Wenn St. Ives die Rückkehr seiner Schwester aufs Land arrangierte, dann tat er das zu ihrem Besten. Fabien würde dasselbe für eigene Zwecke tun, ohne Rücksicht darauf, ob das gut für seine Spielfigur war, oder ihr sogar schaden könnte.
Sie studierte weiter Sebastians Gesicht. Er zog eine Braue hoch. »Wer wäre Euch lieber, wenn Ihr wählen könntet - Euer Vormund oder ich?«
Und sie wusste, dass er das Gespräch mit ihr wegen dieser Frage gesucht hatte. Eine einzelne schlichte Frage, die, wie er richtig ahnte, der zentrale, der entscheidende Faktor bei ihrer Entscheidung, was sie als Nächstes tun würde, war.

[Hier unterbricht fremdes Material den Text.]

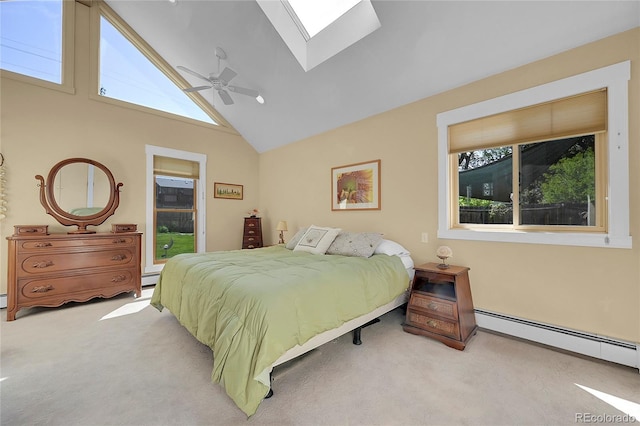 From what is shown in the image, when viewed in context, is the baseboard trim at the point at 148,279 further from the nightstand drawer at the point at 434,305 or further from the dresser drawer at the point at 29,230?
the nightstand drawer at the point at 434,305

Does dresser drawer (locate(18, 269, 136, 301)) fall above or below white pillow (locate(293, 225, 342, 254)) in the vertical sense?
below

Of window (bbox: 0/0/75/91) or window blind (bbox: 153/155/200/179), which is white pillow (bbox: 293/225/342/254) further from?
window (bbox: 0/0/75/91)

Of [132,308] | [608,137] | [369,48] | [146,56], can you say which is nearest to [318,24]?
[369,48]

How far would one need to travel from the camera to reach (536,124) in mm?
2418

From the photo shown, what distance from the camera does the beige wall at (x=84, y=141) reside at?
3340 millimetres

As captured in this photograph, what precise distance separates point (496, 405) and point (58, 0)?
21.8ft

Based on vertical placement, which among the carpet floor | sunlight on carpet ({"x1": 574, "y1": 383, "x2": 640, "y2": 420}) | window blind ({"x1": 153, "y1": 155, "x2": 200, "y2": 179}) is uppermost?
window blind ({"x1": 153, "y1": 155, "x2": 200, "y2": 179})

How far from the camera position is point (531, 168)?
99.7 inches

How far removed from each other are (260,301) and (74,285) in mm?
3202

»Keiner von Euch wäre meine erste Wahl.«
Seine Mundwinkel zuckten nach oben. Er neigte den Kopf. »Das akzeptiere ich. Jedoch, wie Euch inzwischen klar geworden ist, wird Euch die Wahl nicht von mächtigen Männern befreien. Wenn es nicht Euer Onkel ist oder ich, dann wird es ein anderer von unserer Sorte sein.«
Er zögerte, dann hob er eine Hand, strich über ihre Wangen, berührte sie leicht mit den Fingerspitzen. »Ihr seid außerordentlich schön, mignonne, extrem vermögend und aus höchsten Adelskreisen. Ihr seid eine Trophäe und eine Frau - diese Kombination wird immer Euer Schicksal bestimmen.«
»Und leider kann ich sie nicht ändern!« Eine ganz schlichte Aussage, die sie als Wahrheit erkannte - eine, die ihr nicht gefiel, aber die sie im Grunde schon lange akzeptiert hatte.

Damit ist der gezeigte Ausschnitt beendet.